Application: Building favor with God and the people in our lives takes time—day by day, moment by moment, one right decision at a time. We cannot rush strong character and a good reputation.
Principle #2: Do all you can with what you have right where you are.
Problem: Busyness and endless demands can easily rule the day, causing us to focus more on what we can’t get done than what we can. Feeling overrun and underappreciated, our productivity and attitude can suffer.
Example: In Judges 3:31, Shamgar singlehandedly saved Israel using not a sword, but an ox goad, a long stick used to herd cattle. Faced with the choice of running, hiding, or offering excuses of “I’m just a farmer, what can I do?” he grabbed his best tool of the trade and got busy, saving his people.
Application: From a tough task to an impossible deadline, as leaders, we can adopt Shamgar’s principle: “I will do all I can with what I have right here I am.”
Principle #3: To walk into the winner’s circle, we must leave the comfort zone.
Problem: As leaders, we want success. Yet we often learn to focus on the wrong factors to win—big numbers, big names, and big talk. We think, “If only I had that budget, that person, or that title.”
Example: In Judges chapters 6 and 7, God takes the unlikely and apprehensive Gideon down from an army of 32,000 to 10,000 to 300. Not at all the direction any of us want when fighting a war. But God would end up using faith as the only weapon, as He won the day without a scratch on the home team.
Application: Inside our circles of influence, we have to consistently make the intentional choice to leave the comfort zone to walk into the winner’s circle. The two will never overlap.
Principle #4: We have to be bridge builders, not bridge burners.
Problem: We live with terms and paradigms today such as “haters,” “trolls,” and “cancel culture.” Talking louder becomes the choice over listening more. Being combative wins out over showing compassion.
Example: In Luke 15, Jesus told the story of the prodigal son, but the real lesson was in the response of the father. He chose victory over victimization, righteousness over being right, and reconciliation over rebellion.
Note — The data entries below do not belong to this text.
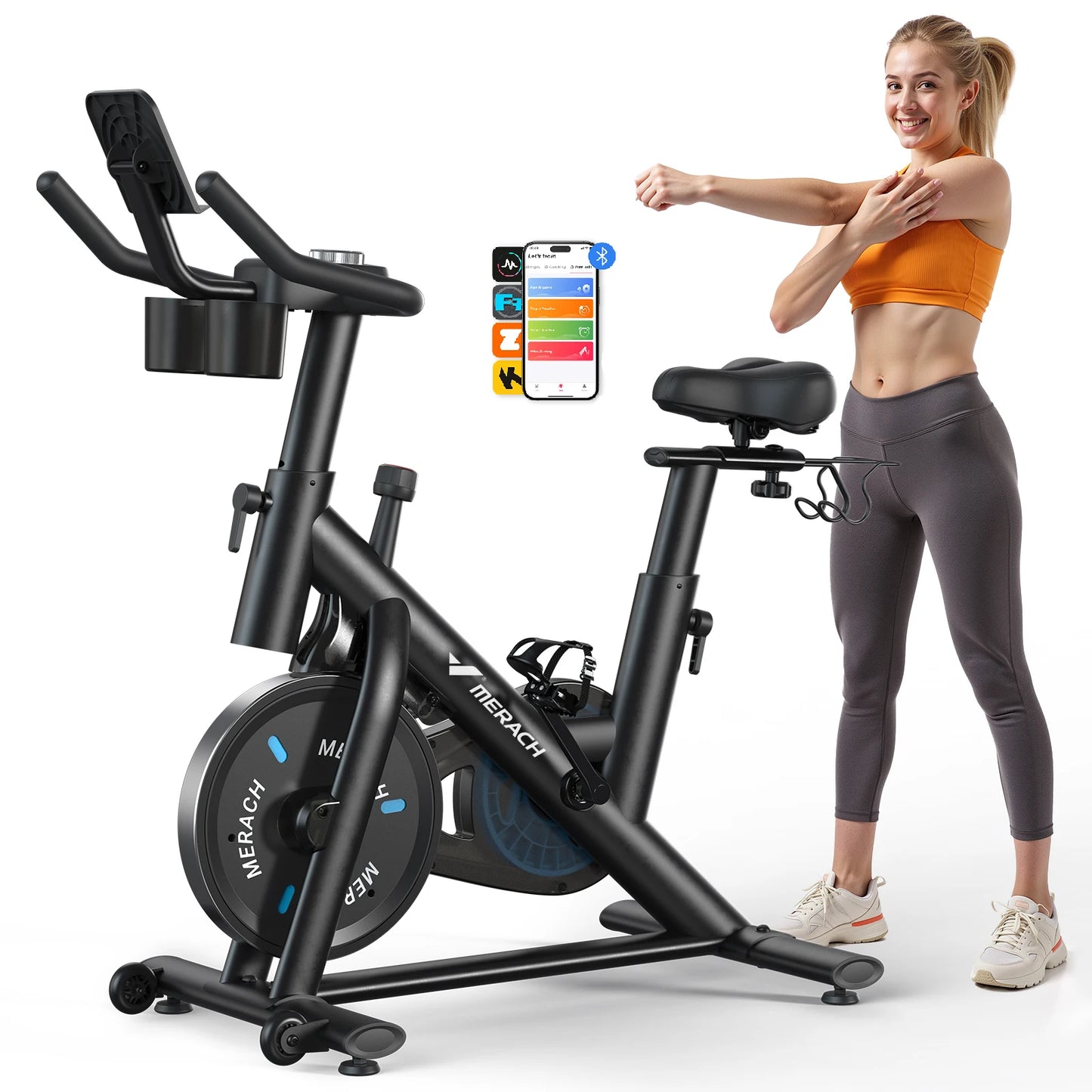 MERACH Magnetic Indoor Exercise Bike With Brake Pad And Exclusive App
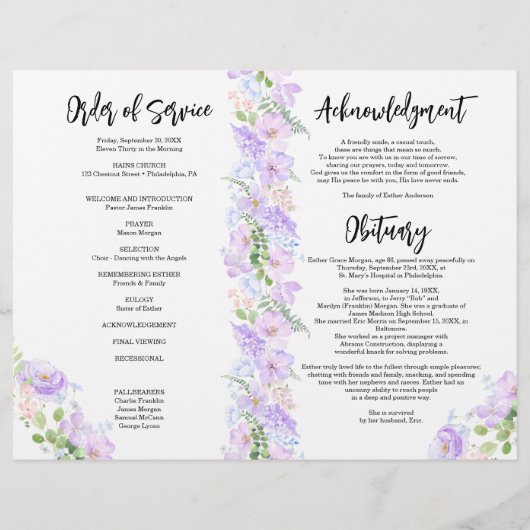 Zachte Paarse bloemblaadjes gevouwen begrafenispro Flyer (Achterkant)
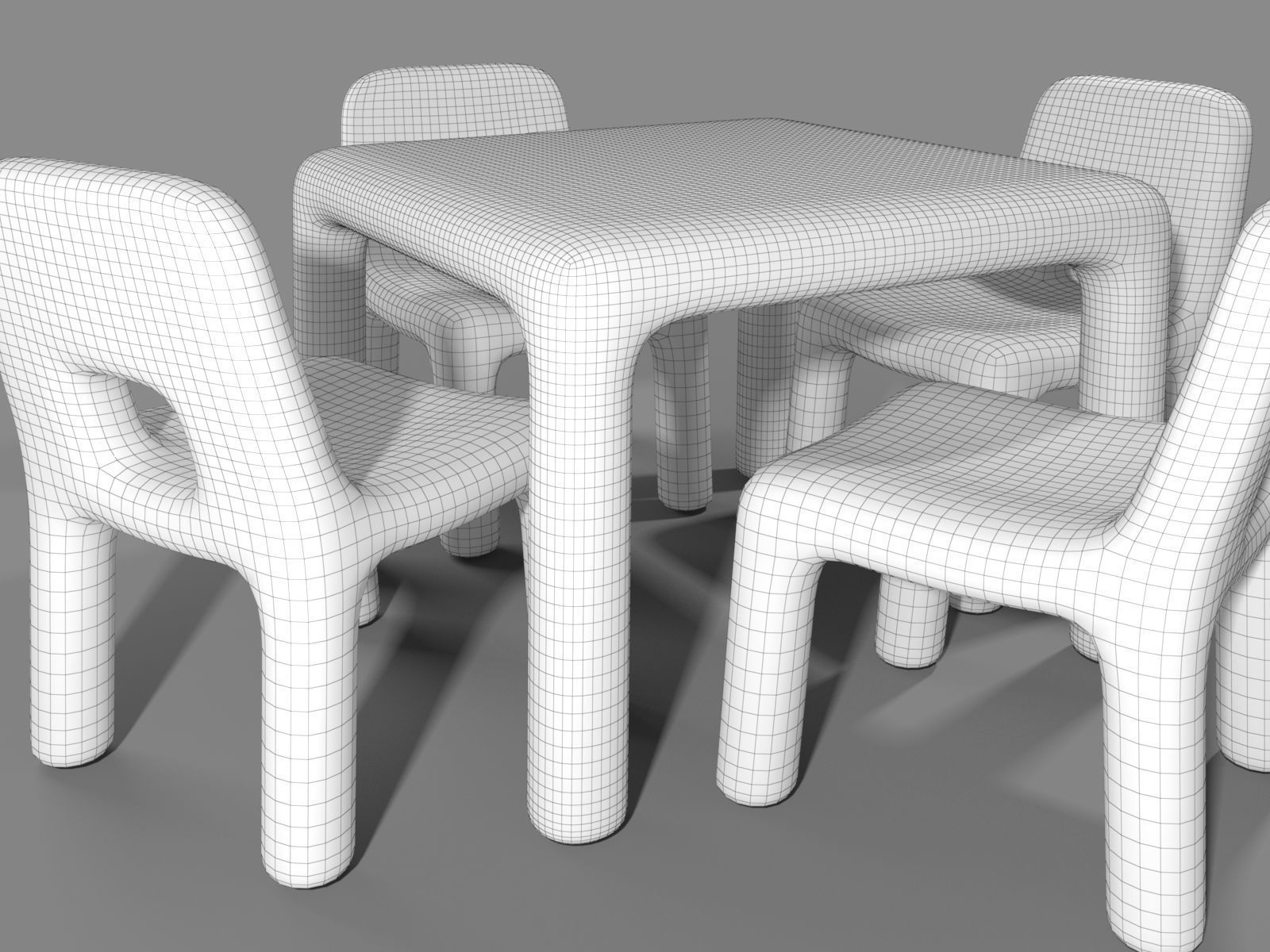 Plastic Chairs and Rectangular Table for Kids 3D model_5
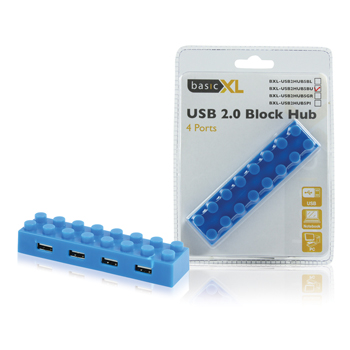 basicXL Palikka USB 2.0 hubi, 4 tyyppi A naaras porttia, sininen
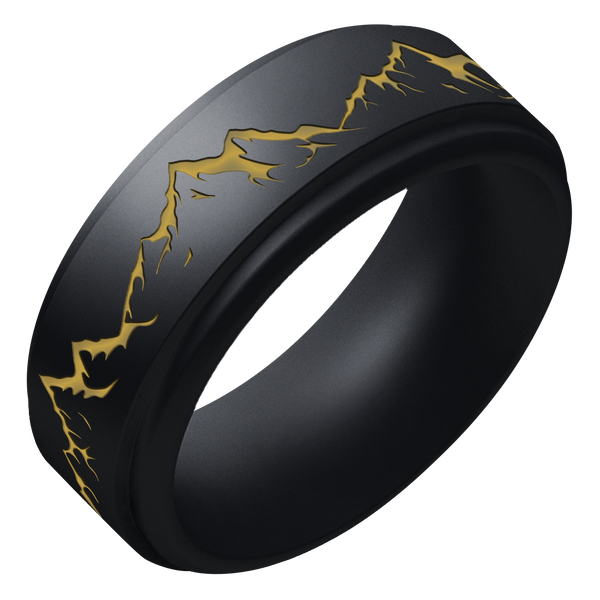 Gold Mountain Silicone Ring on Rise 8mm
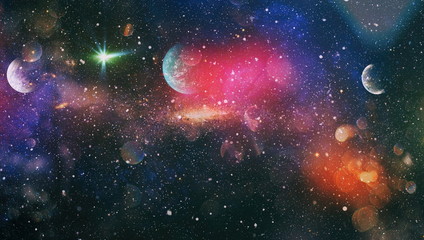 The explosion supernova. Bright Star Nebula. Distant galaxy. Abstract image. Cosmic clouds of mist...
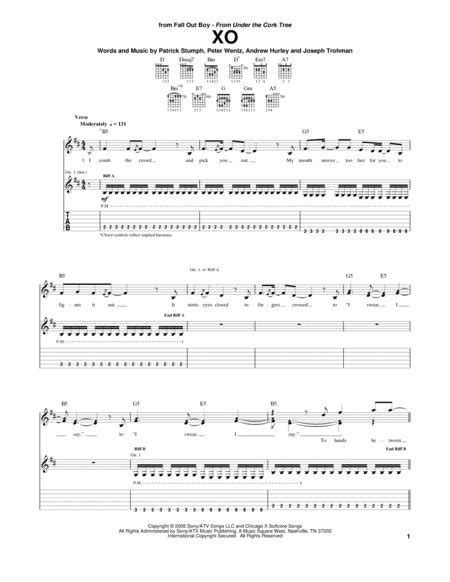 Xo By Fall Out Boy Digital Sheet Music For Guitar Tab Download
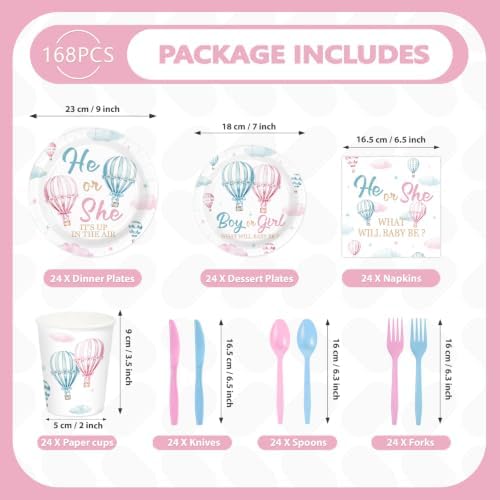 168Pcs Pink and Blue Hot Air Balloon Gender Reveal Party Supplies Serves 24 - Image 2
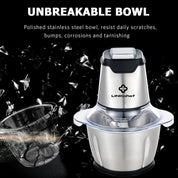 LINKChef Mini Food Chopper – 400W, 1.2L Stainless Steel Bowl, 4 Blades, Electric Processor for Meat, Vegetables & Baby Food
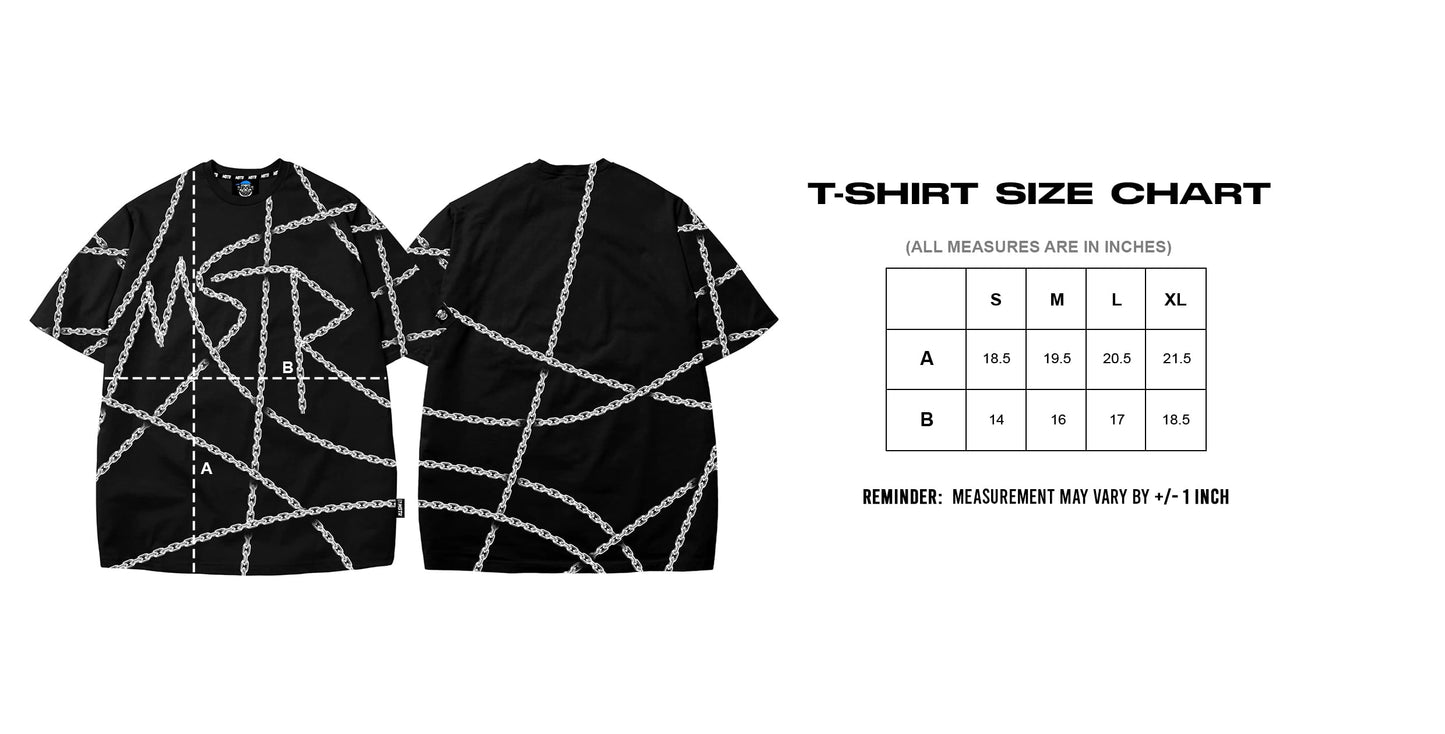 MSTR - FULL PRINT COLLECTION "CHAIN" TSHIRT (BLACK-GOLD)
Application: The best reason to never burn a bridge is we just might need to walk back over it someday. The best reason to build a bridge is we create a path to bless others.
Principle #5: A leader encourages, allows for, and accepts that anyone can change.
Problem: Today, because of the prevalence of the internet and social media, people are quickly written off based on the last thing they did. Juries are out and judges are in. Pedestals are built to push people off.
Example: In Acts 9, the most dangerous enemy to the early Christ-followers suddenly became their greatest ally. Jesus proved how His transformational power could literally change anyone. The impact was so radical, even his name was altered from Saul to Paul.
Application: A true leader today will give someone the benefit of the doubt, the opportunity to change, the encouragement that he or she can become exactly what God intended and designed. Belief can turn to being.